Look in the material below for the line with "8 12,5 16 20" and the line with "Port: History and", then set down exactly those two lines and all lines between, nothing more.

* _Excerpted data_
——————————
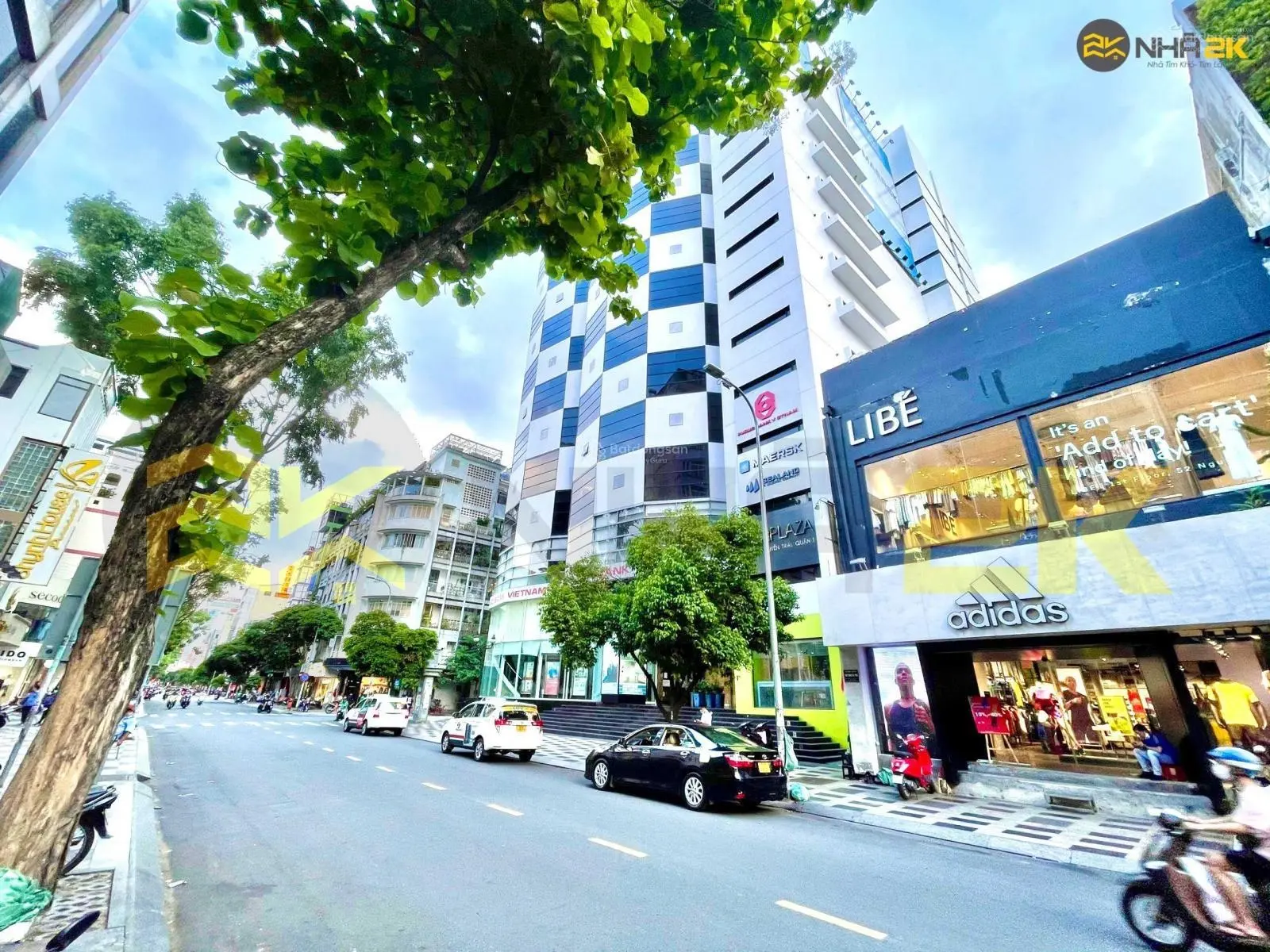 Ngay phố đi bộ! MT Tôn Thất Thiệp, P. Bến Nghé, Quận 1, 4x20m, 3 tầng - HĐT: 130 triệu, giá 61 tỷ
——————————
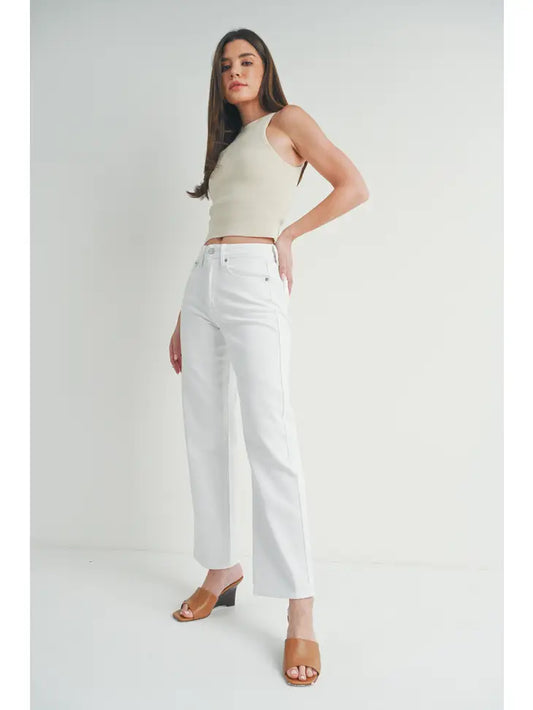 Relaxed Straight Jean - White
——————————
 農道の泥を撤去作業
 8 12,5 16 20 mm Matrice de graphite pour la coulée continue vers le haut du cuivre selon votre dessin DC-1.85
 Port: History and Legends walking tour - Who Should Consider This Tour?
——————————
* _Answer to this task_
 8 12,5 16 20 mm Matrice de graphite pour la coulée continue vers le haut du cuivre selon votre dessin DC-1.85
 Port: History and Legends walking tour - Who Should Consider This Tour?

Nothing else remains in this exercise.